Collected data

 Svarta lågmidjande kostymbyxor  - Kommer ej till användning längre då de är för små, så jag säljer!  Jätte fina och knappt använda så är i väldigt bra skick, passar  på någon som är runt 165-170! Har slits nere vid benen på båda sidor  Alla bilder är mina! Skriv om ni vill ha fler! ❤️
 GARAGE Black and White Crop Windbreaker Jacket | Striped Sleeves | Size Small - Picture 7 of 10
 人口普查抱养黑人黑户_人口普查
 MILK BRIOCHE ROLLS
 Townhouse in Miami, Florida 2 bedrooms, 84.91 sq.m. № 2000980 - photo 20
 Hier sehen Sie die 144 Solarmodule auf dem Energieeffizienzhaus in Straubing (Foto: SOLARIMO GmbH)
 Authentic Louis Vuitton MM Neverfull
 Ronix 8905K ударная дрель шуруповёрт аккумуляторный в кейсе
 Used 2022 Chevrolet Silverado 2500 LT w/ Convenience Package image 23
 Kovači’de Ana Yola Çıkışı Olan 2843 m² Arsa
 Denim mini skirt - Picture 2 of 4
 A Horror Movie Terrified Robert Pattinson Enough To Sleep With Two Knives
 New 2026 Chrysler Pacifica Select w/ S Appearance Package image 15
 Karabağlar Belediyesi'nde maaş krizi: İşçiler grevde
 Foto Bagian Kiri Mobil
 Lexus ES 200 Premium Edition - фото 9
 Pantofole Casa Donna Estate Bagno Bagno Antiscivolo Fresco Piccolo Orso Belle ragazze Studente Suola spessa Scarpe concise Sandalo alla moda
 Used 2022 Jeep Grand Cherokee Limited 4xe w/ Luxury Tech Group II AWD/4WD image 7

Exercise goal: The reply should consist of the records, reproduced exactly.

Exercise solution:
 Svarta lågmidjande kostymbyxor  - Kommer ej till användning längre då de är för små, så jag säljer!  Jätte fina och knappt använda så är i väldigt bra skick, passar  på någon som är runt 165-170! Har slits nere vid benen på båda sidor  Alla bilder är mina! Skriv om ni vill ha fler! ❤️
 GARAGE Black and White Crop Windbreaker Jacket | Striped Sleeves | Size Small - Picture 7 of 10
 人口普查抱养黑人黑户_人口普查
 MILK BRIOCHE ROLLS
 Townhouse in Miami, Florida 2 bedrooms, 84.91 sq.m. № 2000980 - photo 20
 Hier sehen Sie die 144 Solarmodule auf dem Energieeffizienzhaus in Straubing (Foto: SOLARIMO GmbH)
 Authentic Louis Vuitton MM Neverfull
 Ronix 8905K ударная дрель шуруповёрт аккумуляторный в кейсе
 Used 2022 Chevrolet Silverado 2500 LT w/ Convenience Package image 23
 Kovači’de Ana Yola Çıkışı Olan 2843 m² Arsa
 Denim mini skirt - Picture 2 of 4
 A Horror Movie Terrified Robert Pattinson Enough To Sleep With Two Knives
 New 2026 Chrysler Pacifica Select w/ S Appearance Package image 15
 Karabağlar Belediyesi'nde maaş krizi: İşçiler grevde
 Foto Bagian Kiri Mobil
 Lexus ES 200 Premium Edition - фото 9
 Pantofole Casa Donna Estate Bagno Bagno Antiscivolo Fresco Piccolo Orso Belle ragazze Studente Suola spessa Scarpe concise Sandalo alla moda
 Used 2022 Jeep Grand Cherokee Limited 4xe w/ Luxury Tech Group II AWD/4WD image 7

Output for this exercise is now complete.